トータル10アンダーに伸ばし、首位をキープしてホールアウトした。「優勝争いに集中していた」という第2ラウンド。18番グリーンからクラブハウスに戻るときに祝福の声が耳に届いた。

初日からの首位を守る完全Vで2勝目を挙げた5月の「ブリヂストンレディス」で初めてMR1位に立った。そこから、ただの一度もその座を譲ることはなかったが、一時は神谷に約300pt差に迫られた時期もあった。トップに立つ者にしか分からない重圧。「すごく長く感じました」。孤独な戦いからようやく解放された若き女王に満開の笑顔が咲いた。

「去年はなかなか勝てずに苦しかった。そこから、ここまで来れるなんて想像できなかった。小さなころは『賞金女王になりたい』って書いたりしていたけど、ホントになれるなんて…。たくさんの方に感謝したいと思います」

今季はここまで1試合も休むことなく皆勤を続けている。全幅の信頼を寄せる藤山和也トレーナーと二人三脚で取り組んだ体づくり。足の指も使うグー・チョキ・パーの“じゃんけんトレ”に、ゴルフIQを高める“算数トレ”。「最初は何をやっているのか分からなかった」というユニークなメニューを地道にコツコツとこなし、疲れない体、けがをしない体を手に入れ、そこに肉付けするように技術を高めていった。

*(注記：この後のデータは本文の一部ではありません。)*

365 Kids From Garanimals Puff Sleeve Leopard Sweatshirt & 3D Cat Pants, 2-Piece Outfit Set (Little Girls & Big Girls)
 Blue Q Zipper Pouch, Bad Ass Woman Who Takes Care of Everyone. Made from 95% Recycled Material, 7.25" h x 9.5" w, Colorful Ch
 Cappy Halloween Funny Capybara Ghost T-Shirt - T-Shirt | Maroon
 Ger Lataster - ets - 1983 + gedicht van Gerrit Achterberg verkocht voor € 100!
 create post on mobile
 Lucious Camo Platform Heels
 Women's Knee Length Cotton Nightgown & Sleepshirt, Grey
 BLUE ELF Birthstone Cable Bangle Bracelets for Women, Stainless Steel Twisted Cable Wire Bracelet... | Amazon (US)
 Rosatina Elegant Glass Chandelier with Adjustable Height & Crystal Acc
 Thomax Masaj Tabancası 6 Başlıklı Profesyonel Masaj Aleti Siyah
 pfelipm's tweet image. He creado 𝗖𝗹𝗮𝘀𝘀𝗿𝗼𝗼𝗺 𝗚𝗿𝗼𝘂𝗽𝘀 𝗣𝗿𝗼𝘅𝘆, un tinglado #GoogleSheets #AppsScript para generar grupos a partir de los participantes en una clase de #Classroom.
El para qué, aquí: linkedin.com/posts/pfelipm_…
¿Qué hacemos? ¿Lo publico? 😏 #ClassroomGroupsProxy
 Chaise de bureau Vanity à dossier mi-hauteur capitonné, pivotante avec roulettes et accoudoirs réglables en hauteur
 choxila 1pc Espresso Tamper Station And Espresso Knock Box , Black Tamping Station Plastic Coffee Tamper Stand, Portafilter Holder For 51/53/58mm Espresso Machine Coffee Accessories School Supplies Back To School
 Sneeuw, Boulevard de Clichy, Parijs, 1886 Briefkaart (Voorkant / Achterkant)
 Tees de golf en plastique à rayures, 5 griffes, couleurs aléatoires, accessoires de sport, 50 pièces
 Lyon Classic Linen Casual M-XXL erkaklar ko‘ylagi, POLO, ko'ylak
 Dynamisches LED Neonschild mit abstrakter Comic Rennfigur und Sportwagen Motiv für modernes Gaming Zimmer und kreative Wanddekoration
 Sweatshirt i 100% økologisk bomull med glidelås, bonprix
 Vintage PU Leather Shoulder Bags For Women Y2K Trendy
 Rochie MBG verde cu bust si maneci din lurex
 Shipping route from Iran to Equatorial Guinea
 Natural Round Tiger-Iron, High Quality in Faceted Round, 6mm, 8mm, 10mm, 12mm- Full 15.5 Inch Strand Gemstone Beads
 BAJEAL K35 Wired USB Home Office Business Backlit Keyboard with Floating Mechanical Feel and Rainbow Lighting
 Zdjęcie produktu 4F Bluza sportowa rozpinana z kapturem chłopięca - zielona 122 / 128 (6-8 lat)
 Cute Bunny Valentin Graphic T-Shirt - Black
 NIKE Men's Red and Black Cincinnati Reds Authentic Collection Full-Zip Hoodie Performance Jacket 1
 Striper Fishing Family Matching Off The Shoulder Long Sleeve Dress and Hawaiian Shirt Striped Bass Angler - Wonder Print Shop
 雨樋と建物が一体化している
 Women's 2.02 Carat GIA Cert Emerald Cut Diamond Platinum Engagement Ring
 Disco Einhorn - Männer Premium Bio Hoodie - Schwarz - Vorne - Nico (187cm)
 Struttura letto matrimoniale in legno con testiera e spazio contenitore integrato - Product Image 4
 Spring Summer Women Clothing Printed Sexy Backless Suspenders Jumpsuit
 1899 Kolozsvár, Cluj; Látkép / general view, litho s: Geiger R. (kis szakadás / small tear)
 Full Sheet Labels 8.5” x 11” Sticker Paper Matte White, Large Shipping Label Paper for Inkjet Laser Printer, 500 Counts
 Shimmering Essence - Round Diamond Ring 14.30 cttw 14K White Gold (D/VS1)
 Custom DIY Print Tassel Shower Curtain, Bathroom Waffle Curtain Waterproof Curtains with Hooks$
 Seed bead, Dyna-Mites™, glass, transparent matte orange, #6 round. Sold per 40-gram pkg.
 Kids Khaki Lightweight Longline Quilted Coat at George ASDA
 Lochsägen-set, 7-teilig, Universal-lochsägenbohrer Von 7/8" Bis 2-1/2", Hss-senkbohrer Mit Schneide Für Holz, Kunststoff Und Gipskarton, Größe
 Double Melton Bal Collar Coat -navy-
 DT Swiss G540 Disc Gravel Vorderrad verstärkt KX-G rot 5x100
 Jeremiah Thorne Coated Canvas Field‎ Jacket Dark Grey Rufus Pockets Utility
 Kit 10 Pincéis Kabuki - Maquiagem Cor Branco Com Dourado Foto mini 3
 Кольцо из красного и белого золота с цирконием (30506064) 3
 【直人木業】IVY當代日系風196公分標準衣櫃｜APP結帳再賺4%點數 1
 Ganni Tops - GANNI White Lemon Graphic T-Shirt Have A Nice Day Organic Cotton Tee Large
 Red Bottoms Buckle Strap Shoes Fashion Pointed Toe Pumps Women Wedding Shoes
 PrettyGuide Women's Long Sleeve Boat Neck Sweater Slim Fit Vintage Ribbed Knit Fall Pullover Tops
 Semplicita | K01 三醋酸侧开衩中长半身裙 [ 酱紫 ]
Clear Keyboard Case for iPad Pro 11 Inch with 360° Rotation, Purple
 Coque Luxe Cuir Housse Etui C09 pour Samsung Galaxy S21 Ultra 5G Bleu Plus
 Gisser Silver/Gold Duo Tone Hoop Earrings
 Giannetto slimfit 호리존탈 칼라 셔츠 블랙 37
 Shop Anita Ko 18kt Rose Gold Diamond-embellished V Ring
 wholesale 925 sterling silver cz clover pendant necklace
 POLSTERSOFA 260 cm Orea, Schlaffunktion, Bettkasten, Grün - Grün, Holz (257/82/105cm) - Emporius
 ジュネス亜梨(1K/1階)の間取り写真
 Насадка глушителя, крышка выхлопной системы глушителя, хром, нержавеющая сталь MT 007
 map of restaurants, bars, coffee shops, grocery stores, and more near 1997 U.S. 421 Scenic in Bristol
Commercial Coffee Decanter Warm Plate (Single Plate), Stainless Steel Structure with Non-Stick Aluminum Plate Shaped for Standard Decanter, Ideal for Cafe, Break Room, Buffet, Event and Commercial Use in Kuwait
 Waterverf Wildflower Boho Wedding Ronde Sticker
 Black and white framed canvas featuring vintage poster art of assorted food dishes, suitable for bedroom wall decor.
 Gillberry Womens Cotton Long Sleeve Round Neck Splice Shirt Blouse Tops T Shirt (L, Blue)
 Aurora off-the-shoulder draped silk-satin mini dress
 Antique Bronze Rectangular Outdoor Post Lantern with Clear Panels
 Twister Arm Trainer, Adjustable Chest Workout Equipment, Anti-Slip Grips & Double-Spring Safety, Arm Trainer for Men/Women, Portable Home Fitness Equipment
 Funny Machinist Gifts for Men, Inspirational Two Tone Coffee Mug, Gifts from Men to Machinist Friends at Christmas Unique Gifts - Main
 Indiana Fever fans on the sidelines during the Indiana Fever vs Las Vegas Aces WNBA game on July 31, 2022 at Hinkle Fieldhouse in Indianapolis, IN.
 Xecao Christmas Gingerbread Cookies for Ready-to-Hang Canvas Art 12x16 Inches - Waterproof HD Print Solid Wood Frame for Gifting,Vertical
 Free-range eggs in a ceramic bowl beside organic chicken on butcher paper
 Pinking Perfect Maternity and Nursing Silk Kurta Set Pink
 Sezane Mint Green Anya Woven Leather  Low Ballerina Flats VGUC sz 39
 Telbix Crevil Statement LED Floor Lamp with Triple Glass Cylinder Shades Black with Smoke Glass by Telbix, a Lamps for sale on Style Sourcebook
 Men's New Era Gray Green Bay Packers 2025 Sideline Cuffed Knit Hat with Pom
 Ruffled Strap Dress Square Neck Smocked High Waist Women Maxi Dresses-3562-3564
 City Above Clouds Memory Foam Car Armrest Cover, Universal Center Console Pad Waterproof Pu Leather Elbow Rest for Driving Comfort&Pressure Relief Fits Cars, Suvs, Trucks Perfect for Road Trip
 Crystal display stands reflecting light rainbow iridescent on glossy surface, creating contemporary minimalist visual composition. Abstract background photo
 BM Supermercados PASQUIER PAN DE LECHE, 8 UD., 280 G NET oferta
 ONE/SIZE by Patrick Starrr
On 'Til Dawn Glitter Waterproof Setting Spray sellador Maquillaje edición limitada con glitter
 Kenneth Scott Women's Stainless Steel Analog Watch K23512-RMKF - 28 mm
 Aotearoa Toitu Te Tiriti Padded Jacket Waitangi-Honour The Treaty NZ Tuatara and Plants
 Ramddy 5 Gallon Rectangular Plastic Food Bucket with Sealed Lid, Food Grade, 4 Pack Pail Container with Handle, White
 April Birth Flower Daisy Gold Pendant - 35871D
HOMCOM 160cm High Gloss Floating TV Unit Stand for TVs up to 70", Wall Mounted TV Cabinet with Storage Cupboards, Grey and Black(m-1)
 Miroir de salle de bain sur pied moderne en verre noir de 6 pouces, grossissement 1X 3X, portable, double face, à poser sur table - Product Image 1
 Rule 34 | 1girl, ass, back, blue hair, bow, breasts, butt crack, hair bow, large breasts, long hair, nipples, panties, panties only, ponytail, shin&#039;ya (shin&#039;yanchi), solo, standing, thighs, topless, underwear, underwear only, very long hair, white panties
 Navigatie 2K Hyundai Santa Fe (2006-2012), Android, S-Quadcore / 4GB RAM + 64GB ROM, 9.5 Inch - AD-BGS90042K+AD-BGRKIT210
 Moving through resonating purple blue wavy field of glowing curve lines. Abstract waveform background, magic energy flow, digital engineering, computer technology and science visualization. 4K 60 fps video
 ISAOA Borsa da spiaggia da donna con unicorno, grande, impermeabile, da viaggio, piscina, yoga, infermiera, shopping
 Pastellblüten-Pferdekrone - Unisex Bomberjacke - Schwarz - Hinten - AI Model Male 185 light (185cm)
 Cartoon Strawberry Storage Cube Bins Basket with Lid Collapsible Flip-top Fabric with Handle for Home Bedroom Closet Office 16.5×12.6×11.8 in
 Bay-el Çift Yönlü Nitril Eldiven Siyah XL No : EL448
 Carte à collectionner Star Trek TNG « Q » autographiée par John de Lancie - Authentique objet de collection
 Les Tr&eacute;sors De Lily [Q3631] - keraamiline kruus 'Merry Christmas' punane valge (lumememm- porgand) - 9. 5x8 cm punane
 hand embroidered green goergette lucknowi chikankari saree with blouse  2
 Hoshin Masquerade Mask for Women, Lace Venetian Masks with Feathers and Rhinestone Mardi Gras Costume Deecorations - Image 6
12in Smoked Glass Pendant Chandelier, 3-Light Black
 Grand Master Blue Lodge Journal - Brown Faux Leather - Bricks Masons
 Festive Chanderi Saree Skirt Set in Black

昨季はMR8位に躍進する飛躍の1年だった。だが、優勝には届かない。2位は、最終日を首位で出た「富士フイルム・スタジオアリス女子オープン」など3度ある。悔し涙はたくさん流してきた。それも、すべてはこの日のため。4月の「KKT杯バンテリンレディス」で待望の初優勝。終盤になって日に日に感じるようになった女王争いも最後は自分との戦いだった。10月の「マスターズGCレディース」で2位に11打差をつける2度目の完全V。ライバルたちの気力を根こそぎもぎ取る優勝で「少し余裕が持てるようになった」と、あとはゴールに飛び込むだけだった。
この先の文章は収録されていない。